Event view of Per.Platform’s GRAND PRIX de Basel at check-in SIDE SPACE, Hong Kong, March 23, 2026. Courtesy check-in SIDE SPACE.

It was check‑in SIDE SPACE, a nimble, compact affair held in a Chinese tenement building in Wan Chai’s Star Street Precinct, that most precisely distilled the myriad idiosyncrasies of not only Hong Kong’s art ecology but the global fair circuit. On a narrow street‑level floor, nine participating dealers were instructed to bring only what would fit into a single suitcase—a format keyed to the “carry‑on” logic of the fly‑in, fly‑out fair week, and also to the reality of galleries traveling light amid exorbitant shipping costs. Co-founders Alex Chan of Tai Hang’s THE SHOPHOUSE and curator, writer, podcaster Matt Chung kept participation fees deliberately low—a pointed counter to notoriously rising booth rates. On an opening night that drew a hip, semi‑insider crowd, transactions and socializing took place downstairs while, in an upstairs enclave, performance artist Florence Lam, via her “live art platform” Per.Platform, invited five local collectives and independent spaces to stage GRAND PRIX de Basel, a tongue‑in‑cheek “horse race” to raise funds for the local scene. Visitors could climb a narrow staircase to peer into the discussions and wagering, but the lack of space quickly turned curiosity into congestion, with many drifting back down.
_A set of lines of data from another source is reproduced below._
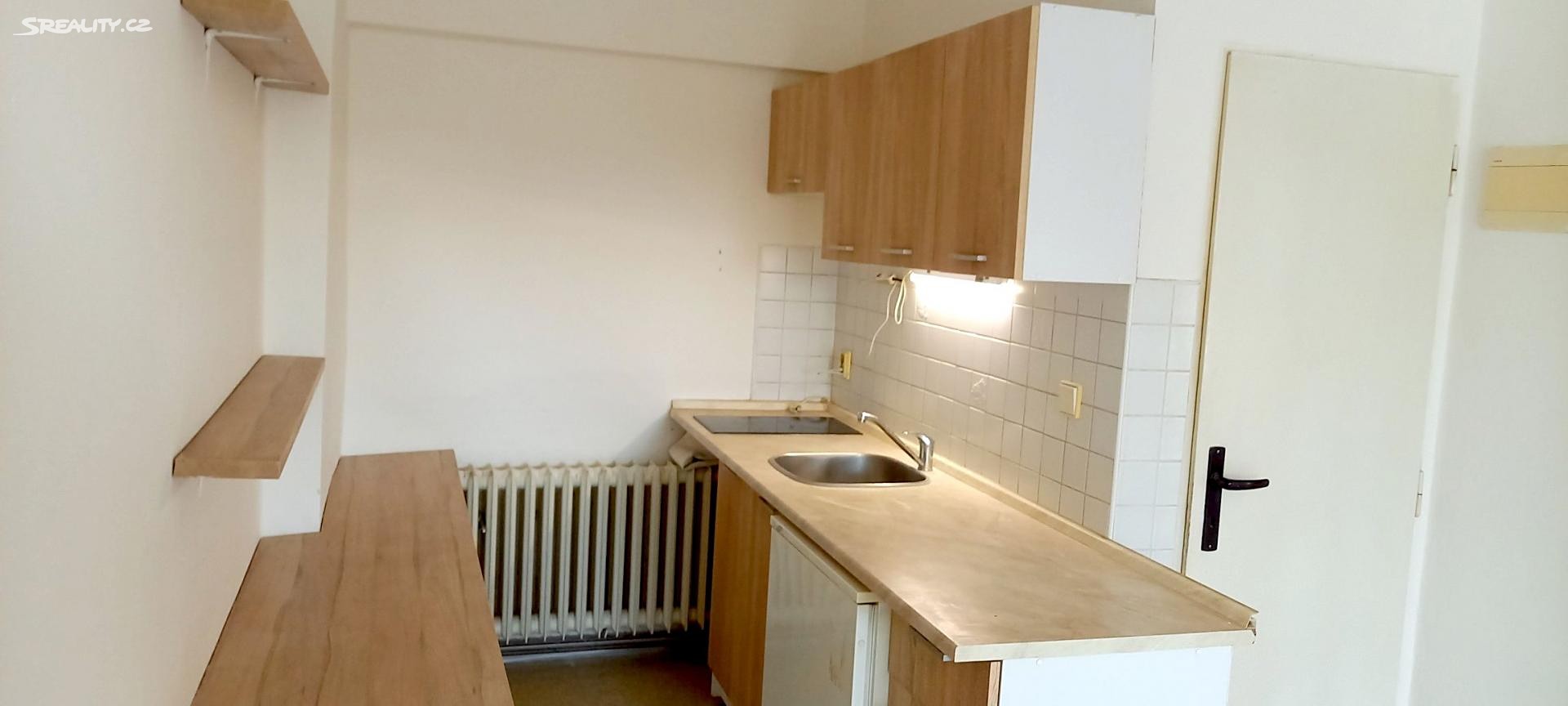 Pronájem bytu 1+kk 23 m² (Podkrovní), Brno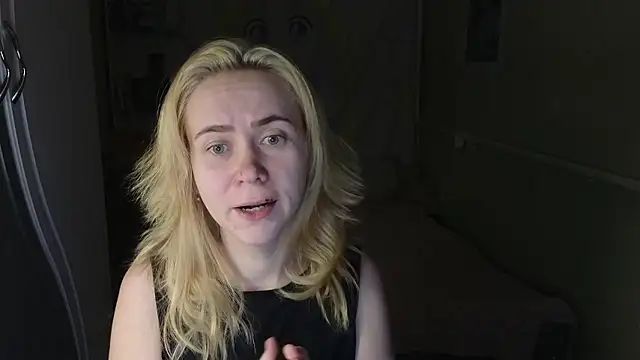 Snapshot of Riley_Roo chatting on January 15, 3:48 pm Riley Roo online show from January 15, 3:48 pm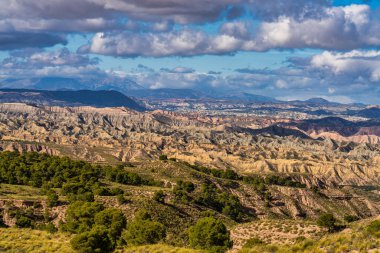 Bacor Olivar yakınlarındaki Sierra Nevada Ulusal Parkı, Granada, Endülüs İspanya 'daki Negratin Baraj Gölü.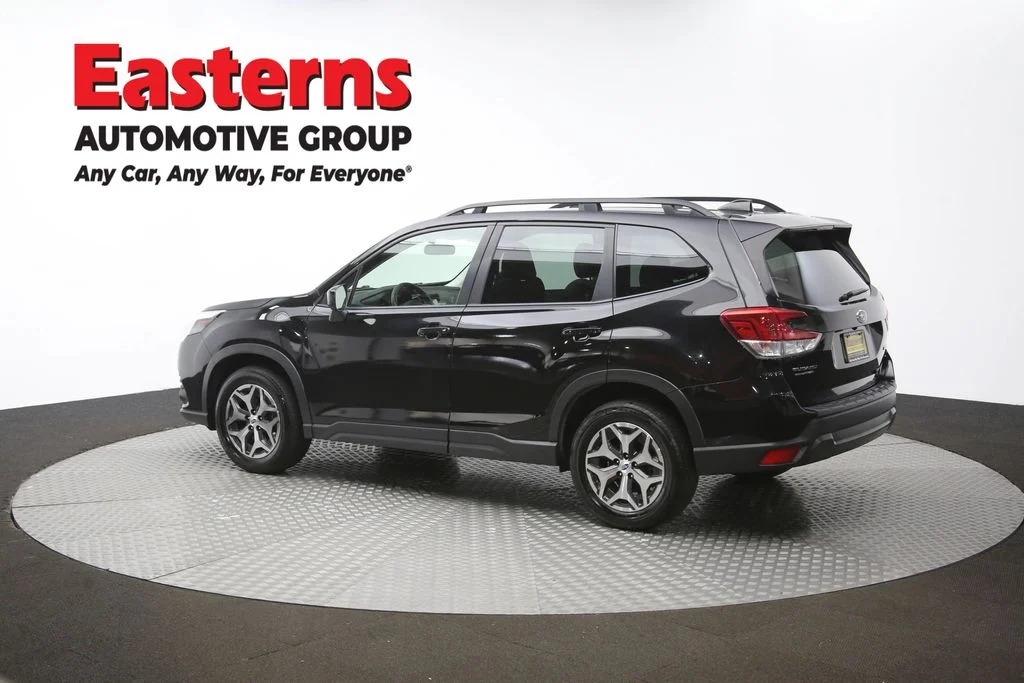 Used 2022 Black Subaru Premium image 66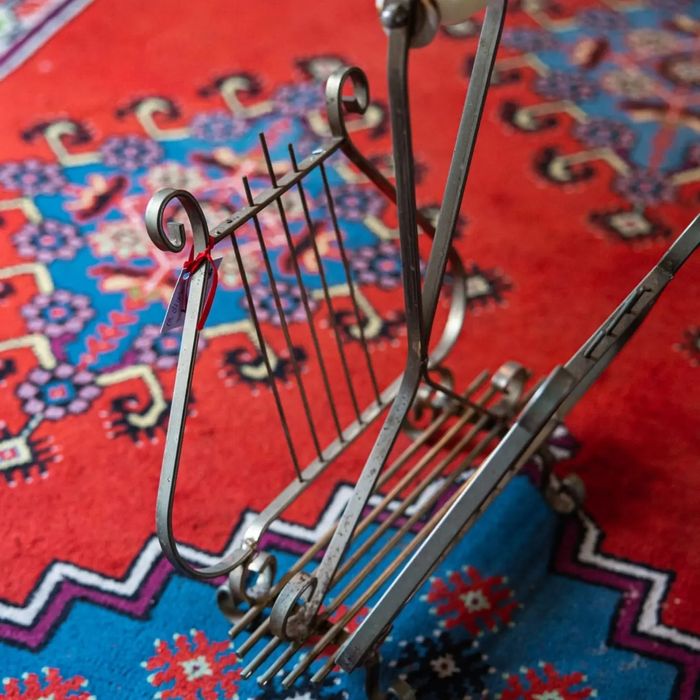 Suport pentru reviste în formă de liră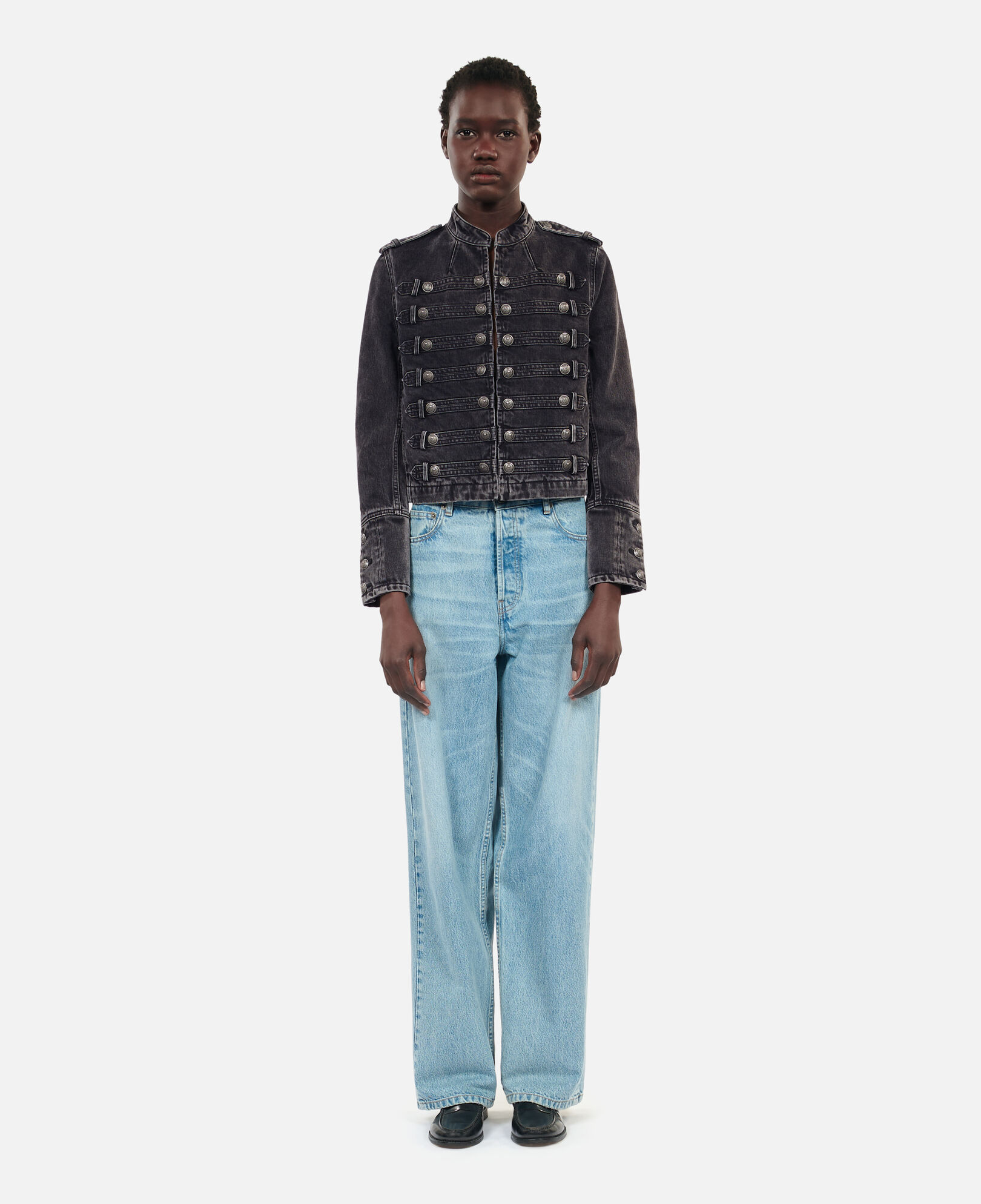The Kooples DAMEN BLACK WASHED graue jeansjacke im offiziersstil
For a few hours, the city’s infamous real‑estate scarcity became dramaturgy: the difficulty of reaching “upstairs” mirroring how structurally hard it is for non‑transactional practices to occupy space and visibility. Yet the sound system glitched this division; speakers relayed upstairs voices—talk of labor, locality, and mutual support—into the downstairs crush, bleeding into spaces of circulation and deal‑making. A single vertical slice of Hong Kong, 96 square meters to be exact, made legible what Josh Kline recently diagnosed in New York: that art is “ultimately dependent on real estate.” But rather than denying the economy, the event used the market’s own formats—the fair, the suitcase, the stacked yet separated proximities of disparate art worlds—to expose the wiring. In the slippage between downstairs and upstairs, between “market” and “making,” what became clear was that these worlds never stand that far apart, and that reckoning with their coexistence might be a place to begin again.

Michele Chan is managing editor at ArtAsiaPacific.